Exxon Deal For XTO Energy May Set Off Wave of Energy Mergers and Acquisitions

In a deal that may set off a wave of mergers and acquisition (M&A) activity in the energy sector, Exxon Mobil Corp. (NYSE: XOM), the biggest U.S. oil company, agreed to buy XTO Energy Inc. (NYSE: XTO), the largest U.S. natural gas producer, in an all-stock deal valued at $31 billion.

Exxon, which hasn't made a major acquisition since it bought Mobil ten years ago, is taking advantage of the low gas prices pressuring smaller, debt-laden gas exploration companies. The economic downturn and discoveries of vast pools of North American natural gas have kept a lid on gas prices, leaving companies in the industry strapped for operating cash.

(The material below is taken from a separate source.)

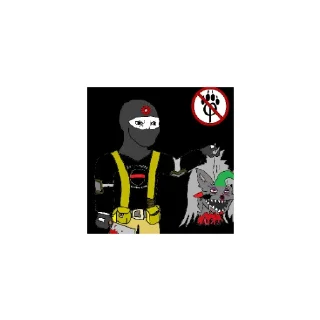 Sticker from Anti furry power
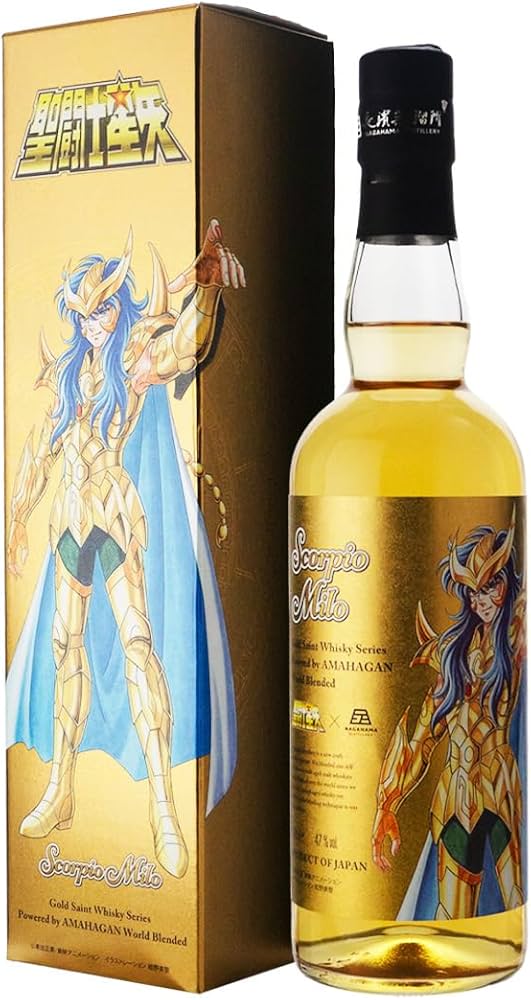 Amazon.co.jp: 長濱蒸溜所 聖闘士星矢 ゴールドセイント ウイスキー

The deal announced yesterday (Monday) values XTO at $51.69 a share, 25% higher than Friday's closing price. XTO holders will get 0.7098 share of Exxon for each share of XTO. The Texas-based oil giant will also assume $10 billion in debt.

The takeover is seen as a bet by Exxon that while government energy policies will eventually gravitate towards renewable alternatives, they will still rely heavily on cleaner burning fossil fuels in the interim. Natural gas burns much cleaner than coal, generating about half the carbon dioxide emissions, and is considered as a potential bridge to a carbon-free economy.

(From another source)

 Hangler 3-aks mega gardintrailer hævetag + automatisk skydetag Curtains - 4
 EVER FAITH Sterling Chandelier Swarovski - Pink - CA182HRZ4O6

"This says that corporate M&A is alive and well in the exploration and production sector," Curtis Trimble, an analyst at Natixis Bleichroeder Inc. in Houston told Bloomberg News. "It also says that Exxon isn't shy about stepping up their exposure to the natural-gas market. Almost certainly, we will see some more follow-the-leader type transactions."

According Money Morning Contributing Writer Dr. Kent Moors, the deal sets the stage for Exxon's gradual exit from oil and towards dominance in natural gas and other energy alternatives.

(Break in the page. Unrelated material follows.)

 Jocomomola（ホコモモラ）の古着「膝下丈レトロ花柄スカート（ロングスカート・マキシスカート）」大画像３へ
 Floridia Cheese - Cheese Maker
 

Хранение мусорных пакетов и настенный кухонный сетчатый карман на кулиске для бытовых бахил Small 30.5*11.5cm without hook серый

"Exxon has been telegraphing this move for some time," Moors said in an interview. "They're putting themselves in position to be the largest natural gas producer in the world. This won't be the last deal they do, and it's likely to set off a string of acquisitions by the big players."

Monday's deal could fuel further efforts by major energy companies to snap up natural-gas assets. Wall Street analysts were buzzing with speculation as to what companies might be M&A targets in the energy arena.

Analysts at Tudor Pickering & Holt Co. LLC told The Wall Street Journal potential acquisition targets could include EOG Resources Inc. (NYSE: EOG), Southwestern Energy Co. (NYSE: SWN), PetroHawk Energy Corp. (NYSE: HK), Encana Corp. (TSE: ECA), Chesapeake Energy Corp. (NYSE: CHK), Devon Energy Corp. (NYSE: DVN) and Anadarko Petroleum Corp. (NYSE: APC).

Moors thinks Chesapeake and Devon are particularly attractive right now, but there are "literally hundreds of smaller natural gas drillers who are ripe for the picking right now."

"In terms of which deal gets triggered next, it's kind of a race to the altar," Ted Harper, who helps manage $6.1 billion, including XTO and Exxon shares, at Frost Investment Advisors in Houston told Bloomberg.

The purchase will give Exxon the equivalent of about 45 trillion cubic feet of natural gas throughout the United States and puts the world's largest publicly traded oil company in prime position to expand in shale gas, the fastest growing area in the natural gas sector.

As outlined in a recent Money Morning article by Dr. Moors , the natural gas industry is likely to undergo dramatic changes in the next six months, primarily due to a shift from conventional to shale gas.

Until about 10 years ago, shale gas was too expensive to extract. But a technology that moves large volumes of water under high pressure - called a "frac" - and horizontal drilling have made shale the up-and-coming domestic gas source.

Attention is already fixed on The Marcellus Shale Formation in the northeastern United Statesas many exploration and operating companies have focused on the area. XTO has about 280,000 acres under lease in the formation, making it the third largest leaseholder in the region.

Although fewer than 350 wells have been drilled, Moors explained, the pay zones in the Marcellus tend to be larger, pressures are higher and recoverable volume greater than projected. Moors projects total volumes there could meet all U.S. demand for almost five years.

XTO has been a major player in extracting natural gas from unconventional sources including shale. Tapping gas trapped in hard rocks has boosted the industry, helping to increase U.S. supplies and contributing to plummeting prices.

XTO has set itself apart from other natural-gas companies by staying focused on its specialty, generally steering clear of other types of exploration, such as deep-water drilling.